■ **Task goal**: Up to and including the line with "Hey folks, welcome", return every line from the start of the entries below exactly.

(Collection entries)
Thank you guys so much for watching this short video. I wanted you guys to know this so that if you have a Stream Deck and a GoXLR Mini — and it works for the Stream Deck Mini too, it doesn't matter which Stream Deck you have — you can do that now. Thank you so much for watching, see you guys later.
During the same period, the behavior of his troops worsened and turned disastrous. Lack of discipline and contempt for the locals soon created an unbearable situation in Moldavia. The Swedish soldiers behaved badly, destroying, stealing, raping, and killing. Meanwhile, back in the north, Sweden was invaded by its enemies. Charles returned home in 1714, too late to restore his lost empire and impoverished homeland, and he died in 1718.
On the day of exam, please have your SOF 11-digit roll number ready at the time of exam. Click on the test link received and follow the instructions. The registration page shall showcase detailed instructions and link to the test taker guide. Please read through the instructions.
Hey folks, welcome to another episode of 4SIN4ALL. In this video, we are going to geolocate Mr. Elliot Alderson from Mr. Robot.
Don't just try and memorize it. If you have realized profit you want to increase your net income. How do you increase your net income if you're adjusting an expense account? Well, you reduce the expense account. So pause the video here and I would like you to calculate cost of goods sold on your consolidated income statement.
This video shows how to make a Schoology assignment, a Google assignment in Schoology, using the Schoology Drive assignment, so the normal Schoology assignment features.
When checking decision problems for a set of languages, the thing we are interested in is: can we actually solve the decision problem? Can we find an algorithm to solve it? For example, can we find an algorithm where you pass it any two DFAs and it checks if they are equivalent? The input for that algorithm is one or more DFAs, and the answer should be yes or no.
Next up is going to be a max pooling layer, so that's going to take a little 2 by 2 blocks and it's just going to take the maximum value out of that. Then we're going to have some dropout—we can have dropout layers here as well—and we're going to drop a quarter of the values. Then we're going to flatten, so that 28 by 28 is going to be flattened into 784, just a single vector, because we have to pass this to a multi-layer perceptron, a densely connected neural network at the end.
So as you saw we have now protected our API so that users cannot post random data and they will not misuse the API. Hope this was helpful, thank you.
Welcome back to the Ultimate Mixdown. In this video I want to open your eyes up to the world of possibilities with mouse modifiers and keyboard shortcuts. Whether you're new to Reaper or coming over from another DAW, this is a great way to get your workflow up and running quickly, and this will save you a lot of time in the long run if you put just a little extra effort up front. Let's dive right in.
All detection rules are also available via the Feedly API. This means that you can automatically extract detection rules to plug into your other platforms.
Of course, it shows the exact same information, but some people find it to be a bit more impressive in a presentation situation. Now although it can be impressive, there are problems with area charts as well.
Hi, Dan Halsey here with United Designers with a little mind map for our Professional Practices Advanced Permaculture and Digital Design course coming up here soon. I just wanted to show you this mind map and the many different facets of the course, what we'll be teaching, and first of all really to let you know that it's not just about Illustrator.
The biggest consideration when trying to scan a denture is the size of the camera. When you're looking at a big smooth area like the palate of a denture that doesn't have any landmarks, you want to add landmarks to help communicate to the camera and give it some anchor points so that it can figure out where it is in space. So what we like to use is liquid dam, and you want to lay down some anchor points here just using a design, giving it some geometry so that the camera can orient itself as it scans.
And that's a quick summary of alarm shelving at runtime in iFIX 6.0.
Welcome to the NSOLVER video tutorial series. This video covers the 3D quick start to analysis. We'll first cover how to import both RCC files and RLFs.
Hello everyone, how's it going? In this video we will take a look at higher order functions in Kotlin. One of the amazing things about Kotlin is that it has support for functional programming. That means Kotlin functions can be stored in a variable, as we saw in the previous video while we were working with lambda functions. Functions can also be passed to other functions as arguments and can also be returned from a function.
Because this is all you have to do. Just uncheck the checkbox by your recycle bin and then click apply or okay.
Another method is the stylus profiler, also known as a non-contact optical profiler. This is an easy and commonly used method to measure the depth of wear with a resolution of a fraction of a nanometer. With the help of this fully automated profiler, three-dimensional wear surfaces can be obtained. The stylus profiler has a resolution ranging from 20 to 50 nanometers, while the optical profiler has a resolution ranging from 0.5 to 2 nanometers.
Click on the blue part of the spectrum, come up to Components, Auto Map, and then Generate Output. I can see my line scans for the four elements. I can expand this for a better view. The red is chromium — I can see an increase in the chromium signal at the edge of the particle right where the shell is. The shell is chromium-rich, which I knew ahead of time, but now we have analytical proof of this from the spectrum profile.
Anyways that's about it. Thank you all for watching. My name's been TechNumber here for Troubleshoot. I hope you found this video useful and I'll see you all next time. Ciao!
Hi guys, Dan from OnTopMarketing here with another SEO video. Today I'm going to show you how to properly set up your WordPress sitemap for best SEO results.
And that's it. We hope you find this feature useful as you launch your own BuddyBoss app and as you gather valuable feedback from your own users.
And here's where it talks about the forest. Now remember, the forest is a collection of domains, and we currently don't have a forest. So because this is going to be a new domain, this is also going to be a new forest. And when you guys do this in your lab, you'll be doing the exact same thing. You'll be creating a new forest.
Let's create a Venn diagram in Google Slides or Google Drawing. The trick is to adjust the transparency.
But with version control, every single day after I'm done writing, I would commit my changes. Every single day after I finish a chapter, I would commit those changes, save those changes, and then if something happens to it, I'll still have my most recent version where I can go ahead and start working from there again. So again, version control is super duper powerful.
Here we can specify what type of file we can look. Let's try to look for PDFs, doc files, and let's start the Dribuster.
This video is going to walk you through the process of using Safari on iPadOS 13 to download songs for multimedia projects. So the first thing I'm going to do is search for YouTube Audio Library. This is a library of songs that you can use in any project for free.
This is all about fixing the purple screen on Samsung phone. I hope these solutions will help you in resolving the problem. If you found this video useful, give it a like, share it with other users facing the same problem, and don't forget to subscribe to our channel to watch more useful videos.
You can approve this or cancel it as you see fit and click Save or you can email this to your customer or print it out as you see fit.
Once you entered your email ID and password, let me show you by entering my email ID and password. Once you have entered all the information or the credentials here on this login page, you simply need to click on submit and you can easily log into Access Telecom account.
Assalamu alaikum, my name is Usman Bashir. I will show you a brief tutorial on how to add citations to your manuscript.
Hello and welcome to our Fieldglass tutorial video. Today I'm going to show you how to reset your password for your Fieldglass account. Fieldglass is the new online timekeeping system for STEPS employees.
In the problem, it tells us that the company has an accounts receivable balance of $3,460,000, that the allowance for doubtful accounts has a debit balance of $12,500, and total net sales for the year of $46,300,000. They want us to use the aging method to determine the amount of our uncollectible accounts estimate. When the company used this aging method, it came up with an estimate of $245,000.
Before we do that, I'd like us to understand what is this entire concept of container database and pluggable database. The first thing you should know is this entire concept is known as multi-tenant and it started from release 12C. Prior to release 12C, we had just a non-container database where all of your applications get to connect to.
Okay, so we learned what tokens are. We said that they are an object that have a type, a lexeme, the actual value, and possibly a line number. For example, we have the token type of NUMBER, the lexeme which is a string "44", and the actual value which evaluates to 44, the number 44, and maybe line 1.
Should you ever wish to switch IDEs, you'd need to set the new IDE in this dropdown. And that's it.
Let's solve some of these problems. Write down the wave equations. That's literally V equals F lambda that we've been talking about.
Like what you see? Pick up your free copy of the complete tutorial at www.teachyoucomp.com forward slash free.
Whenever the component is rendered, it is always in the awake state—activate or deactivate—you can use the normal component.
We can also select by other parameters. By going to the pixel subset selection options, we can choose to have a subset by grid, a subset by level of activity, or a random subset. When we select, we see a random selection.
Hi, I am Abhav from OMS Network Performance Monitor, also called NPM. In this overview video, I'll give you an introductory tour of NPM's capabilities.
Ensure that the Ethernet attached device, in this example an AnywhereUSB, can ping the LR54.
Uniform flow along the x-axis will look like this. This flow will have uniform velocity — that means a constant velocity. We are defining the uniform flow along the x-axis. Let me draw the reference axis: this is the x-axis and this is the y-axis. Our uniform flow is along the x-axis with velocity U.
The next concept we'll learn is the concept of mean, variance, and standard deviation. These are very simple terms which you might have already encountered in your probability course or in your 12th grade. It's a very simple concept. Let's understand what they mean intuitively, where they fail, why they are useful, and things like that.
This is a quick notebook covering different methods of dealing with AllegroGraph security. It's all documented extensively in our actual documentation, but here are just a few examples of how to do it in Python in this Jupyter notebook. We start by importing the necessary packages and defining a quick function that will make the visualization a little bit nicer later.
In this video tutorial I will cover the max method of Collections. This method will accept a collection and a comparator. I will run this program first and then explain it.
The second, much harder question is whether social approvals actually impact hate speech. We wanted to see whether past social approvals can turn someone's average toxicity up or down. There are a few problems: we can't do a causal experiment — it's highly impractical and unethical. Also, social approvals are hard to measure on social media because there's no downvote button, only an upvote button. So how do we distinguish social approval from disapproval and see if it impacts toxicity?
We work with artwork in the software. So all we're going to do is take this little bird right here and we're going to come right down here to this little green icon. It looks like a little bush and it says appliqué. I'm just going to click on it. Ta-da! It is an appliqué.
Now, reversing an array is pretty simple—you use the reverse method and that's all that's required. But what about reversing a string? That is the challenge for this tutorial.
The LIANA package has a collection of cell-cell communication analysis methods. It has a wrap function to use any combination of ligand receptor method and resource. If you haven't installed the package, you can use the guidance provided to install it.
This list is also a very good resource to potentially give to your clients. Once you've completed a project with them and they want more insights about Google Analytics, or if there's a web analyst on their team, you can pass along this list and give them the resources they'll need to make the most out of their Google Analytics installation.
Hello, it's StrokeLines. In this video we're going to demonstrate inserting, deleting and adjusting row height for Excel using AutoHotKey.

■ **Response to the exercise**:
Thank you guys so much for watching this short video. I wanted you guys to know this so that if you have a Stream Deck and a GoXLR Mini — and it works for the Stream Deck Mini too, it doesn't matter which Stream Deck you have — you can do that now. Thank you so much for watching, see you guys later.
During the same period, the behavior of his troops worsened and turned disastrous. Lack of discipline and contempt for the locals soon created an unbearable situation in Moldavia. The Swedish soldiers behaved badly, destroying, stealing, raping, and killing. Meanwhile, back in the north, Sweden was invaded by its enemies. Charles returned home in 1714, too late to restore his lost empire and impoverished homeland, and he died in 1718.
On the day of exam, please have your SOF 11-digit roll number ready at the time of exam. Click on the test link received and follow the instructions. The registration page shall showcase detailed instructions and link to the test taker guide. Please read through the instructions.
Hey folks, welcome to another episode of 4SIN4ALL. In this video, we are going to geolocate Mr. Elliot Alderson from Mr. Robot.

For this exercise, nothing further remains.